Les chiffres du DALO 2025, issus du Haut Comité pour le Droit au Logement des Personnes Défavorisées, permettent de donner à voir dans quelles zones géographiques il est le plus difficile de se loger et/ou sur quels territoires la mobilisation des travailleurs sociaux et associations permet le plus de faire reconnaître ce droit : 85% des recours émanent de 19 départements, dont les 8 franciliens, ainsi que le Nord, le Rhône, les Bouches du Rhône, les Alpes Maritimes, le Var, la Haute Garonne, la Gironde, l' Hérault, la Loire atlantique, la Haute Savoie et la Réunion.
Les chiffres permettent aussi de constater que le DALO permet toujours de reloger :
- un peu plus de 25 000 ménages ont accédé au logement grâce au DALO en 2025
- un peu plus de 335 000 ménages ont été relogés depuis 2008
Mais ils montrent aussi que le DALO ne reloge pas assez :
- 50 % des ménages reconnus prioritaires DALO en 2025 n'ont pas été relogés dans les délais de 3 mois après avoir formulé ce recours qui est un dernier recours lorsque tout le reste a été essayé, soit un peu plus de 19 000 ménages.

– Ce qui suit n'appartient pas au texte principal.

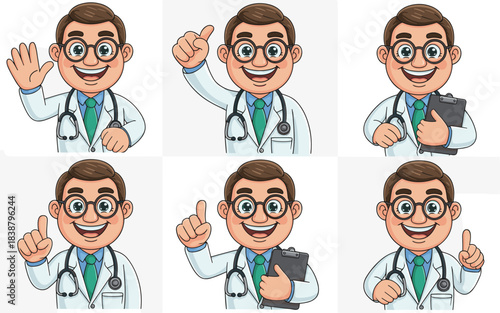 Happy cartoon male doctor character illustration set wearing a white lab coat and stethoscope, displaying various expressive professional gestures like greeting, giving thumbs up, pointing, and holdin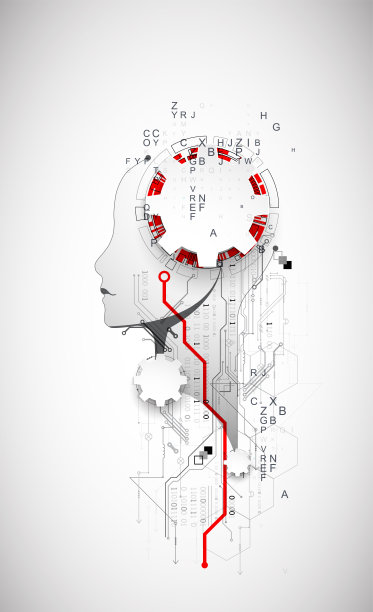 人工智能。有技术背景，有个男人的剪影。大数据的概念。机网络的想法。图片下载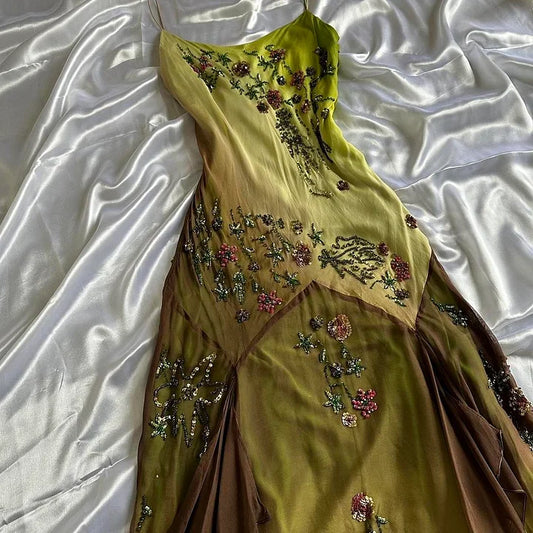 Green fashion gradient exquisite beaded long chiffon prom dress, evening dress, party dress gh3512
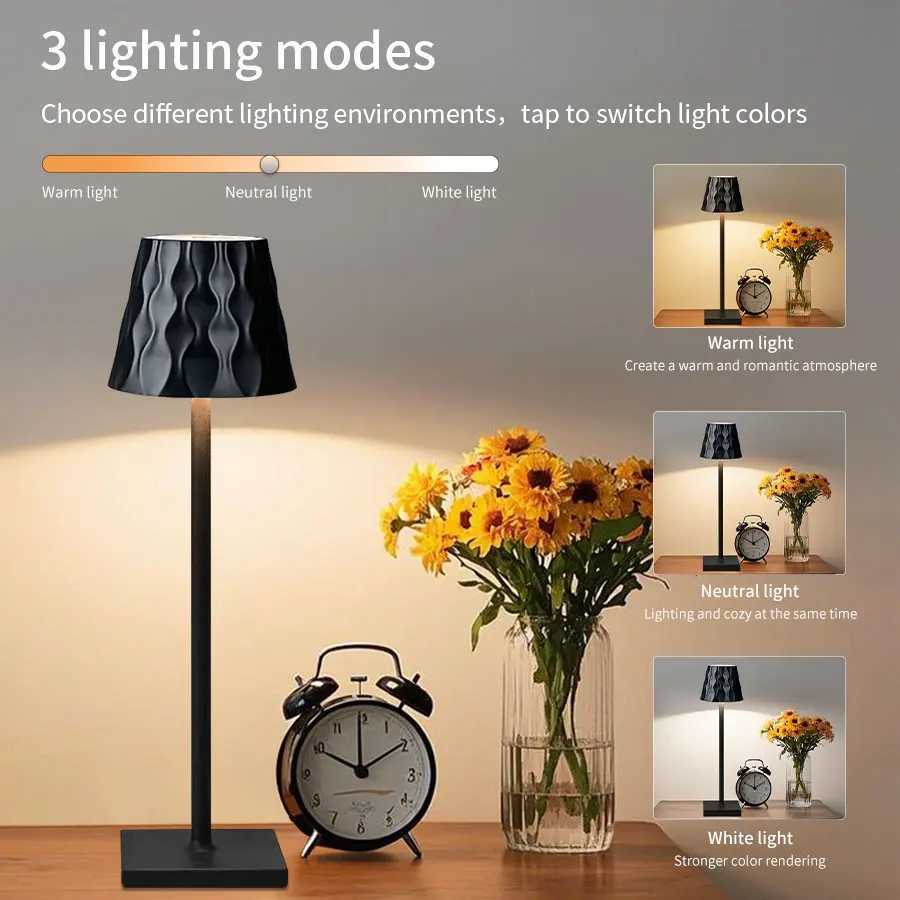 3 Colors Table Lamp Rechargeable Touch Sensor Desktop Night Light Reading Lamp for Bedroom Restaurant Coffee Hotel Bar Decor XJ250703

- un peu plus de 115 000 ménages reconnus prioritaires DALO restent à reloger depuis 2008
Les chiffres montrent qu'il est plus difficile en 2026 d'être reconnu prioritaire DALO qu'en 2008, à la date de démarrage du DALO, puisque seuls 30% des recours examinés ont fait l'objet d'une décision favorable en 2025.
Les chiffres montrent que le critère du handicap, nouvellement rajouté comme un critère à part entière, peine encore à engager une reconnaissance DALO : en effet, par comparaison, il y a 206 000 demandes de logement social enregistrées au titre du handicap, et seulement 4145 reconnaissances prioritaires DALO au titre du handicap.
Les chiffrent montrent aussi que les requérants DALO ont des revenus et une activité qui ne devraient pas les contraindre à recourir au DALO, le recours de la dernière chance : 50% des ménages requérants ont une activité professionnelle, suivent une formation ou sont dans un parcours d'apprentissage, et 54% sont au moins au SMIC.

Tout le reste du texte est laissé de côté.